Meta-learning has been successfully used to recommend algorithms and hyperparameters in classical ML (Treder-Tschechlov et al., 2023; Marinho et al., 2024; Wang et al., 2024), but rarely to configure the inner workings of MAML itself. AutoMAML-HPO trains a meta-recommender that, given task meta-features (e.g., class imbalance, support-set diversity, gradient Lipschitz proxies, modality cues), outputs:
- Number of inner steps, per-layer learning rates, and regularization strength.
- Whether to include gradient-similarity loss (Tak & Hong, 2024) or trust-region constraints (Occorso et al., 2022).
- Data augmentation knobs (e.g., channel exchanging; Zhang et al., 2022) suited to the task’s heterogeneity.
This builds a bridge between CASH-style meta-learning and gradient-based meta-learning: the outer meta-learner doesn’t just learn an initialization but also a policy for configuring adaptation. Unlike fixed hyperparameters in Finn et al. (2017), AutoMAML-HPO provides task-specific adaptation schedules, which is particularly important when domain shift is large (Satrya & Yun, 2023) or resources are tight (wireless/O-RAN scenarios; Lotfi & Afghah, 2024). The anticipated impact is better robustness and reduced manual tuning for practitioners, turning MAML into a mostly “plug-and-play” few-shot solution.
References:
- Model-Agnostic Meta-Learning for Fast Adaptation of Deep Networks. Chelsea Finn, P. Abbeel, S. Levine (2017). International Conference on Machine Learning.
- Enhancing Model Agnostic Meta-Learning via Gradient Similarity Loss. Jae-Ho Tak, Byung-Woo Hong (2024). Electronics.
- Hyper-parameter Optimization for Wireless Network Traffic Prediction Models with A Novel Meta-Learning Framework. Liangzhi Wang, Jie Zhang, Yuan Gao, Jiliang Zhang, Guiyi Wei, Haibo Zhou, Bin Zhuge, Zitian Zhang (2024). arXiv.org.

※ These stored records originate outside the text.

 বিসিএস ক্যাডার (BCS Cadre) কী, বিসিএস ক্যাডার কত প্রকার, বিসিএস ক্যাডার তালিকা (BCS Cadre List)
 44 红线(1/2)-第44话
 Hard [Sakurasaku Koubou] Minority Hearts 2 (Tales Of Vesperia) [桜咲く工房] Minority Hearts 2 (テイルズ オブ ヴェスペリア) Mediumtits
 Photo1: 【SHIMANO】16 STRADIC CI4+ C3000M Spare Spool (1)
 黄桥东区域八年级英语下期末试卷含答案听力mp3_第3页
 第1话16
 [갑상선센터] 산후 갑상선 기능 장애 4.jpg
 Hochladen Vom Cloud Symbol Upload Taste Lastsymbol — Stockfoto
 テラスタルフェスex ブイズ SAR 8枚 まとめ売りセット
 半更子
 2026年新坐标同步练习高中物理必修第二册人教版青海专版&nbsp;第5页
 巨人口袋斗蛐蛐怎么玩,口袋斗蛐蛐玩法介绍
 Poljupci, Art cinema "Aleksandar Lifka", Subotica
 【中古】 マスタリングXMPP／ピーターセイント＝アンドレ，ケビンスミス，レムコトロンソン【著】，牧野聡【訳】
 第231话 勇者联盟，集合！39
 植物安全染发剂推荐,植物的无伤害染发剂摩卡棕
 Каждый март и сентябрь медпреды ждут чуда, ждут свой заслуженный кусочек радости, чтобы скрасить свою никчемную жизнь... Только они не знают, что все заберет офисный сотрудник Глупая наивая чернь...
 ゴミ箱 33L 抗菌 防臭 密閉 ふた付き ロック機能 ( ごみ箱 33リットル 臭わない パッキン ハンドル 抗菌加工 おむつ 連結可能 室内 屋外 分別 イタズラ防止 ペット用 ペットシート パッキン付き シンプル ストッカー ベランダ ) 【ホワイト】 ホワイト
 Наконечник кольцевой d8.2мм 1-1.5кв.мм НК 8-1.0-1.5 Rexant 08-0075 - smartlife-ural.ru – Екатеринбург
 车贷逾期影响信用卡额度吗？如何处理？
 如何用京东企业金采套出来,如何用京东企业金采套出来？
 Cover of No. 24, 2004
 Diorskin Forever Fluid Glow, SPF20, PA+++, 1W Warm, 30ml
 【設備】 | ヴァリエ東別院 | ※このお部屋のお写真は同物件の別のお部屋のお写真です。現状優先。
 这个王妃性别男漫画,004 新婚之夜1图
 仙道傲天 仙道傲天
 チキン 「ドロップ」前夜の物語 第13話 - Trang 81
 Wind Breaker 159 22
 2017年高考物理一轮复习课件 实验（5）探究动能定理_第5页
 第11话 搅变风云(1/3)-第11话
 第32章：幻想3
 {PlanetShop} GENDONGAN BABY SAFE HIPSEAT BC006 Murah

- Meta Reinforcement Learning Approach for Adaptive Resource Optimization in O-RAN. Fatemeh Lotfi, F. Afghah (2024). IEEE Wireless Communications and Networking Conference.
- Optimization on selecting XGBoost hyperparameters using meta‐learning. Tiago Lima Marinho, Diego Carvalho do Nascimento, Bruno A. Pimentel (2024). Expert Syst. J. Knowl. Eng..
- ML2DAC: Meta-Learning to Democratize AutoML for Clustering Analysis. Dennis Treder-Tschechlov, M. Fritz, H. Schwarz, B. Mitschang (2023). Proc. ACM Manag. Data.
- Improving Generalization of Model-Agnostic Meta-Learning by Channel Exchanging. Ce Zhang, Ruixuan Chen, Yifeng Zeng, Shaolong Ren, Qingshan Cui (2022). 2022 International Conference on Electronics and Devices, Computational Science (ICEDCS).
- Trust Region Meta Learning for Policy Optimization. Manuel Occorso, Luca Sabbioni, A. Metelli, Marcello Restelli (2022). Meta-Knowledge Transfer @ ECML/PKDD.
- Combining Model-Agnostic Meta-Learning and Transfer Learning for Regression. Wahyu Fadli Satrya, Ji-Hoon Yun (2023). Italian National Conference on Sensors.